US Inflation Slows as CPI Falls 0.1% in December
The latest data from the US Bureau of Labor Statistics shows that the headline rate of inflation in the United States fell to its lowest level since late 2021 in December. The decrease in inflation has sparked hopes that the Federal Reserve will soon be able to stop raising interest rates, which in turn could provide a boost to economic growth and stock prices.
What is CPI and why is it important for markets?
The Consumer Price Index (CPI) is a measure of the average price level of a basket of goods and services consumed by households. It is one of the most closely watched indicators of inflation as it can provide insight into the cost of living for consumers and the overall health of the economy.
The CPI is important to investors as it can indicate the future direction of interest rates and the overall health of the economy. It can also be used as a benchmark to evaluate the performance of inflation-protected investments.
Highlights from today's US CPI
In December, the US Consumer Price Index (CPI) fell 0.1% from the previous month, bringing the annual change to 6.5%. The monthly drop in the index was below analysts' forecasts, but the annual rate was in line with consensus.
Despite this, when volatile elements such as food, energy and auto sales are stripped out, the 'core' CPI rose another 0.3% last month, accelerating slightly from November and leaving the annual core rate up 5.7%.
How did the markets react?
The markets have responded positively to the decrease in inflation, as it suggests that the Federal Reserve may be able to stop raising interest rates in the near future. This, in turn, can provide a boost to economic growth and stock prices.
🔴 The US Dollar came under heavy selling pressure and the US Dollar Index (DXY) dropped to a fresh multi-month low below 102.50 after the US inflation report.
🟢The Dow Jones index ($DOW30) responded with an increase of more than 0.5% immediately after the release.

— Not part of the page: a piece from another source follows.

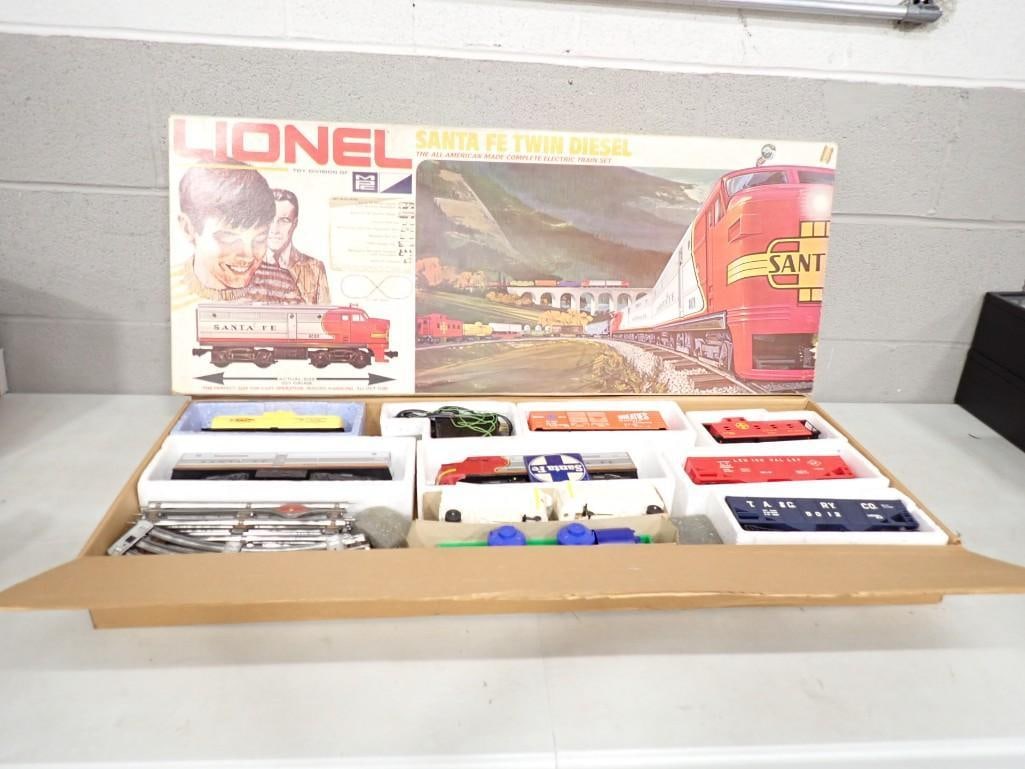 Vintage Lionel Santa Fe Twin Diesel Train Set with Original Box - comes with everything as shown: Vintage Lionel Santa Fe Twin Diesel Train Set with Original Box - comes with everything as shown All pictures are considered part of the description and should be examined carefully by bidders. Live A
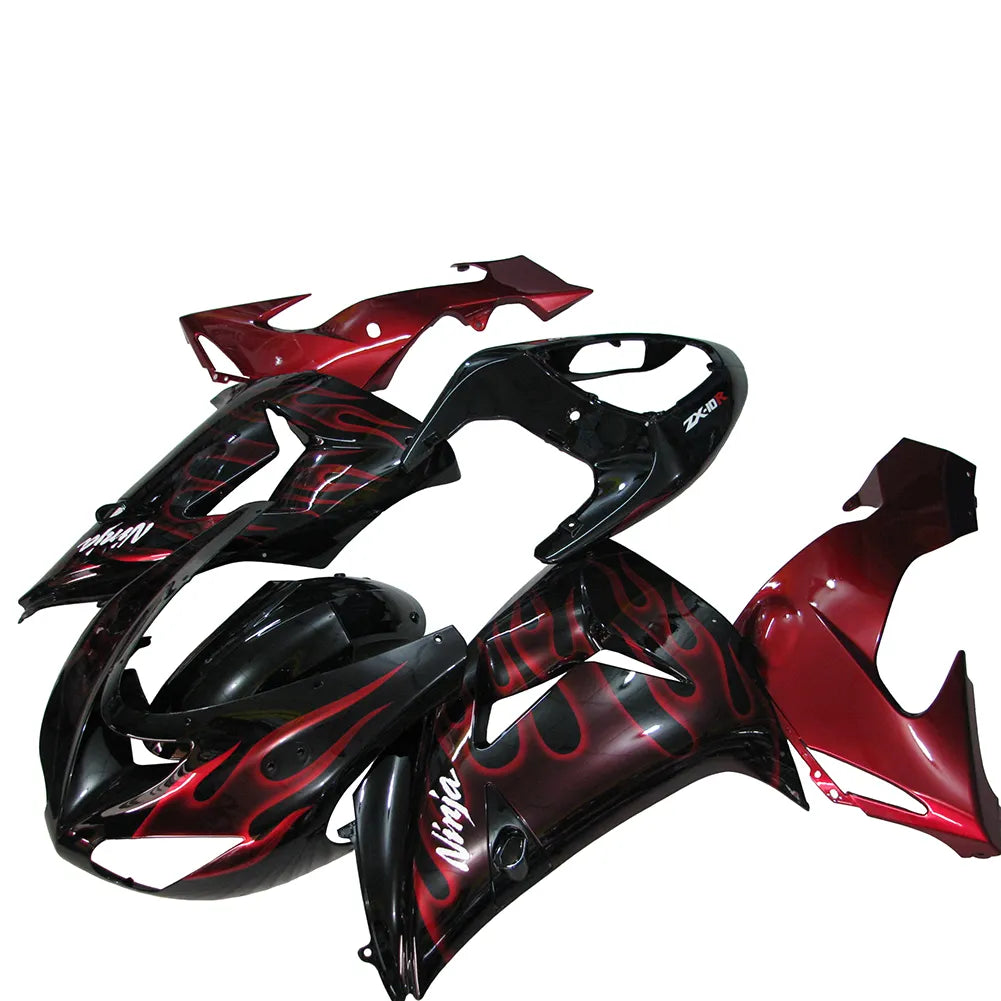 Kawasaki ZX-10R 2006-2007 Red Flame Style B full fairing kit component layout without logos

🟢The Nasdaq index rose more than 1% after the inflation data.
🟢The SP500 index ($SPX500) jumped up 0.7% within the first hour of the release.
Traders and investors see slowing inflation as a sign that the economy is not overheating, which can boost their confidence about putting their money into stocks and other assets. The stock market's reaction can be seen as a positive sign for the economy and investors, as it shows that they are optimistic about future economic growth.
Summary
- US annual CPI inflation drops to 6.5% in December as expected.
- The decrease in inflation has sparked hopes that the Federal Reserve will soon be able to stop raising interest rates.
- The markets have responded positively to the decrease in inflation, as it suggests that the economy is not overheating.
- The core CPI, which excludes volatile elements like food, energy and auto sales, rose by 0.3% in December, accelerating slightly from November and leaving the annual core rate at 5.7%.